The PETs draft guidance has been published ahead of the 2022 roundtable of G7 data protection and privacy authorities taking place in Bonn, Germany on 7-8 September, where the ICO will present its work on PETs to its G7 counterparts and encourage international agreement for the support of responsible and innovative use of PETs.

As part of this, the ICO will call for the development of industry-led governance, such as codes of conduct and certification schemes, to help organisations use PETs responsibly and to help PETs developers and providers to build the technology with data protection and privacy at the forefront. 

Mr Edwards said:

“It’s not just regulators that need to take action – we need the industry to step up, too. We want organisations to come to us with codes of conduct and certification schemes, for example, to show their commitment to building services or products that are designed in a privacy-friendly way and that protect people’s data.”

At 40 pages the guidance is very comprehensive.

Some key issues that should be considered are:

  • the definition of a PET is:

‘software and hardware solutions, ie systems encompassing technical processes, methods or knowledge to achieve specific privacy or data protection functionality or to protect against risks of privacy of an individual or a group of natural persons.’

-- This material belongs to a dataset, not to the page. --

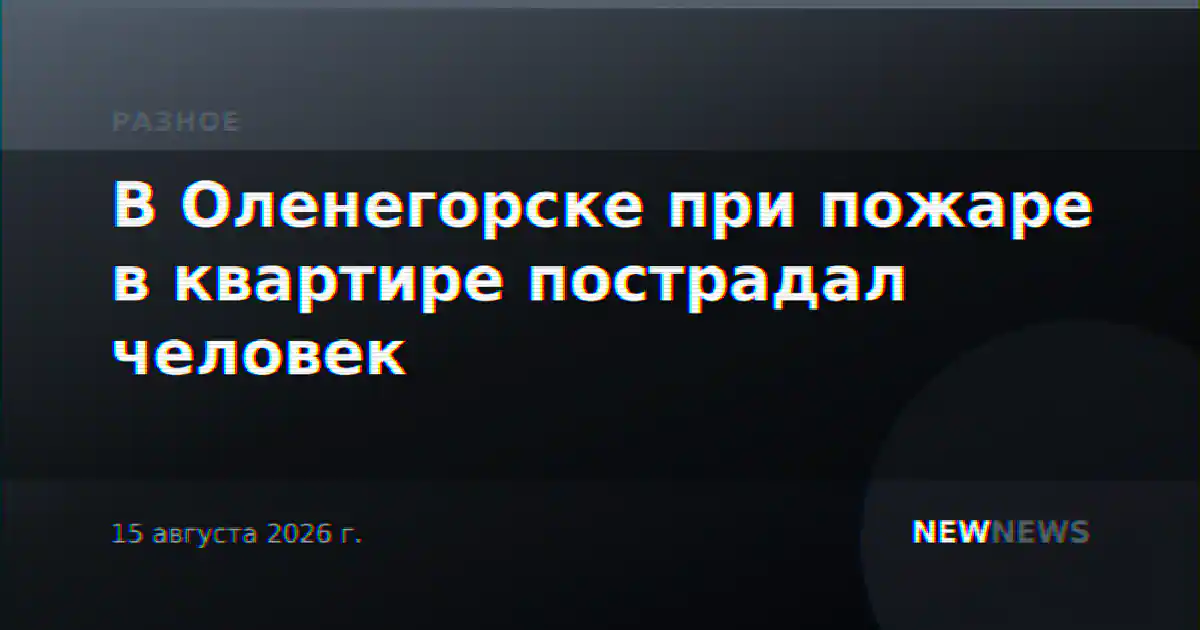 В Оленегорске при пожаре в квартире пострадал человек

  • PET assists in establishing data protection by design and by default by:
    • complying with the data minimisation principle, by only processing the data needed for the specified purposes;
    • providing an appropriate level of security;
    • implementing robust anonymisation or pseudonymisation solutions; and
    • minimising the risk that arises from personal data breaches, by rendering the personal data unintelligible to anyone not authorised to access it.
  • PETs, can be used work with datasets without compromising the privacy of the individuals whose data is in the dataset.
  • categories of PETS include those that:
    • reduce the identifiability of the individuals whose  data is being used/processed.  This complies with data minimisation principles.
    • focus on hiding and shielding data. These can help you achieve the requirements of the security principle; and
    • split or control access to personal data. These can help you to fulfil both the data minimisation and security principles, depending on the nature of the processing.
  • PETs that derive or generate data which reduces or removes the identifiability of individuals which weakens or break the connection between an individual in the original personal data and the derived data
  • PETs that focus on hiding, or shielding, data protect individuals’ privacy while not affecting the utility andaccuracy of the data.  They include:
    • homomorphic encryption, which allows computation to be performed on encrypted data without revealing the plaintext; and
    • zero-knowledge proofs, which allow one party to prove to another party that something is true, without revealing what that something is or indeed anything else (such as the underlying data).
  • PETs that split datasets or control access to certain parts of the data minimise the amount of personal data shared and to ensure confidentiality and integrity, while not affecting the utility and accuracy of the data.  That includes
    • trusted execution environments
    • secure multi-party computation (SMPC), including private-set intersection
    • federated learning
  • PETs can play a role in anonymisation
  • The types of PETs are:
    • homomorphic encryption, which  provides strong security and confidentiality by enabling computations on encrypted data without first decrypting it.
    • secure multiparty computation which provides data minimisation and security by allowing different parties to jointly perform processing on their combined data, without any party needing to share its all of its data with each of the other parties.
    • federated learning trains machine learning models in distributed settings while minimising the amount of personal data shared with each party.
    • trusted execution environments provide enhanced security by enabling processing by a secure part of a computer processor, which is isolated from the main operating system and other applications.
    • zero-knowledge proofs provide data minimisation by enabling an individual to prove private information about themselves without revealing what it actually is.
    • differential privacy generates anonymous statistics by adding noise to individual records.
    • synthetic data provides realistic datasets in environments where access to large real datasets is not possible.